環境に配慮した脱炭素経営に取り組んでいる企業として、認知度を高められる可能性があるだろう。

グリーン電力証書の販売で新たな収入源を得られる

太陽光発電や風力発電など再生可能エネルギーの発電設備を保有している場合、単なる電力供給だけでなく、グリーン電力証書も販売することで新たな収入源を得られる。

電力以外の環境付加価値を提供することで収益につながり、かつ再生可能エネルギーの普及にも貢献できる。

グリーン電力証書を活用するデメリット

グリーン電力証書の活用には、次のようなデメリットもある。

 ● 価格が比較的高い
 ● 温対法で利用するには別の認証が必要

価格が比較的高い

グリーン電力証書は、J-クレジットや非化石証書と比べて価格が高い。それぞれの目安となる価格は以下のとおり。

 ● グリーン電力証書...2.0〜4.0円/kWh
 ● J-クレジット...平均1.4円/kWh
 ● 非化石証書...最低価格:0.4〜4.0円/kWh

グリーン電力証書の価格を公表している事業者と、見積もりで計算して価格を決める事業者があり、後者は購入量が大きいと価格が安くなる傾向にある。

大口の購入者の一般的な価格は2〜4円/kWhで、電気料金の追加コストとしては高い可能性がある。ただし価格は販売事業者によって違うので、複数の企業に問い合わせてみよう。

温対法で利用するには別の認証が必要

温対法(地球温暖化対策の推進に関する法律)でグリーン電力証書を活用してCO2排出量の削減を報告するには、国による「グリーンエネルギーCO2削減相当量認証制度」という認証を別に受ける必要がある。グリーン電力証書をそのまま使えないので、手間がかかってしまうだろう。

温対法とは、地球温暖化対策を推進するための法律のことである。温室効果ガスを多量に排出する事業者に対し、排出量を算定して国に報告するよう義務付けている。

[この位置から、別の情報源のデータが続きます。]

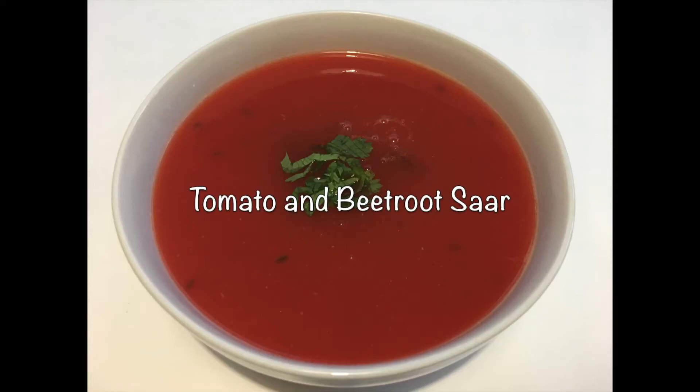Hello everyone, I'm Sonali, welcome to my kitchen. In the current pandemic situation it has become even more important that we follow a healthy lifestyle and eat food which may help improve our immunity. Keeping that in mind, today I'm making tomato and beetroot saar.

また「グリーンエネルギーCO2削減相当量認証制度」とは、グリーン電力証書に記載されたCO2排出削減価値を国が認証し、温対法に基づく算定や報告などに活用できるようにする制度のこと。

温対法による義務や罰則は以下の記事で詳しく解説しているので、合わせて参考にしてみてほしい。

関連リンク
カーボンニュートラルの実現を目指す企業の取り組みや具体例を紹介

グリーン電力証書の購入方法

グリーン電力証書の購入方法 イメージ

続いて、グリーン電力証書の購入方法を5つのステップで解説する。

 ● STEP1.グリーン電力証書の使用目的を明らかにする
 ● STEP2.発行事業者を選ぶ
 ● STEP3.見積もりを取る
 ● STEP4.グリーン電力証書を購入する
 ● STEP5.グリーン電力証書の公表

STEP1.グリーン電力証書の使用目的を明らかにする

まずはグリーン電力証書の使用目的を明らかにしよう。

RE100やCDP、SBTなどの気候変動にまつわる活動報告で利用するなど、社内で目的を検討し、共有することが大切である。

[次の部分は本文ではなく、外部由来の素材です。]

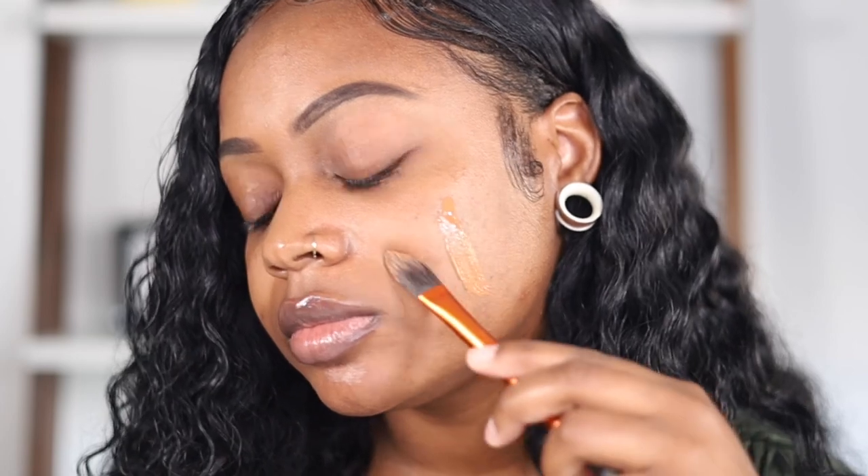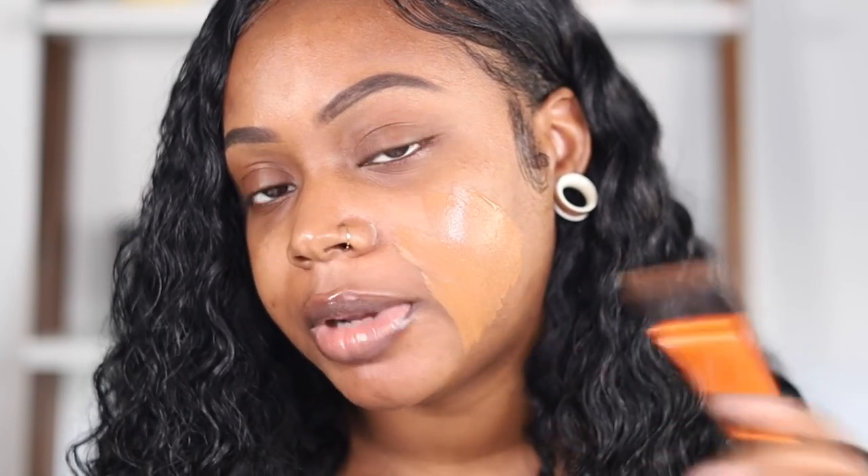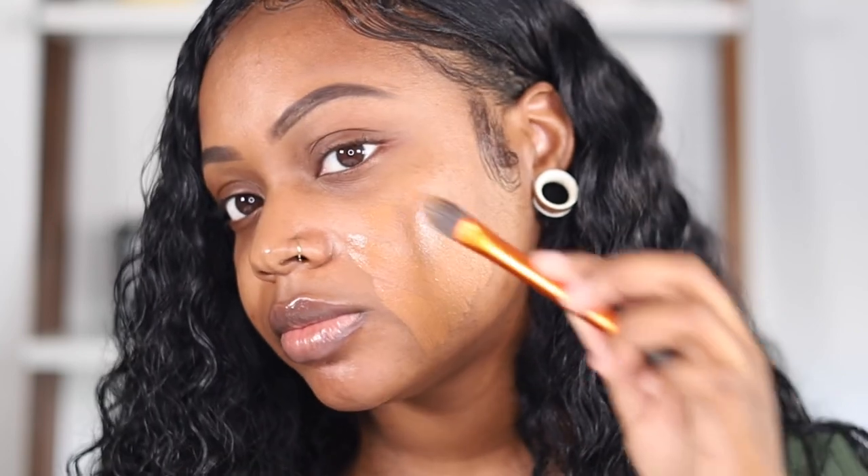You can use the Haus Labs foundation brush, but of course I didn't get that — I never get any extra brushes. I'm using the e.l.f. Camo sponge to blend out this foundation, and I'm also going to use a brush so you guys can see how it glides on. You can use your fingers if you feel more comfortable with that. So this is shade 450, this is one pump. I don't have a primer, but I might apply a primer to the other side of my face.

活動内容に応じて調達先や必要な発行量(kWh)が変わってくるので、確認しておこう。

STEP2.発行事業者を選ぶ

次に、発行事業者を選定しよう。発行事業者は、一般財団法人日本品質保証機構が認めた発行事業者のなかから選ぶ必要がある。

発行事業者によって、発電方法の種類や販売単位・価格、発電所エリアなど、サービス内容が異なる。そのため、各事業所の特徴を把握して、自社の使用目的に合った事業所を選ぶことが大切となる。

発行事業者の一覧

2024年4月1日時点において、グリーン電力証書の発行事業者は40事業者となる。発行事業者の一覧は以下のとおり。

● 日本自然エネルギー株式会社
● 特定非営利活動法人 太陽光発電所ネットワーク
● サミットエナジー株式会社
● エネサーブ株式会社
● 株式会社ライジングコーポレーション
● 松山市
● 前田道路株式会社
● ディーアイシージャパン株式会社
● 株式会社エネット
● やまがたグリーンパワー株式会社
● 株式会社九電工
● テス・エンジニアリング株式会社
● 鹿島建設株式会社 環境本部
● ナビ・コミュニティ販売株式会社
● ENEOS Power株式会社
● 国際航業株式会社
● 三峰川電力株式会社
● 株式会社JM
● ブルードットグリーン株式会社
● イーゲート株式会社
● イーレックス株式会社
● 株式会社エナーバンク
● 株式会社VPP Japan
● デジタルグリッド株式会社
● 大阪ガス株式会社
● 株式会社エナリス
● 株式会社グリーンサービス
● JE Wind株式会社
● 株式会社大林組
● 八千代エンジニヤリング株式会社
● スマートエコエナジー株式会社
● 株式会社JTBコミュニケーションデザイン
● クリーンエネルギー研究所合同会社
● 株式会社GAクリスタル
● 株式会社FPS
● 株式会社タケエイ
● ヒューリックプロパティソリューション株式会社
● スマートソーラー株式会社
● 株式会社グリーングロース
● エレビスタ株式会社

参考:一般財団法人日本品質保証機構|証書発行事業者(申請者)一覧

なお、認定されたグリーン電力発電設備は以下より確認できる。

参考:一般財団法人日本品質保証機構|グリーン電力発電設備認定一覧(2024年3月31現在)

STEP3.見積もりを取る

発行事業者から見積もりを取り、価格を把握しよう。事業者によって価格帯や標準工期などが異なるので、事前確認が必要となる。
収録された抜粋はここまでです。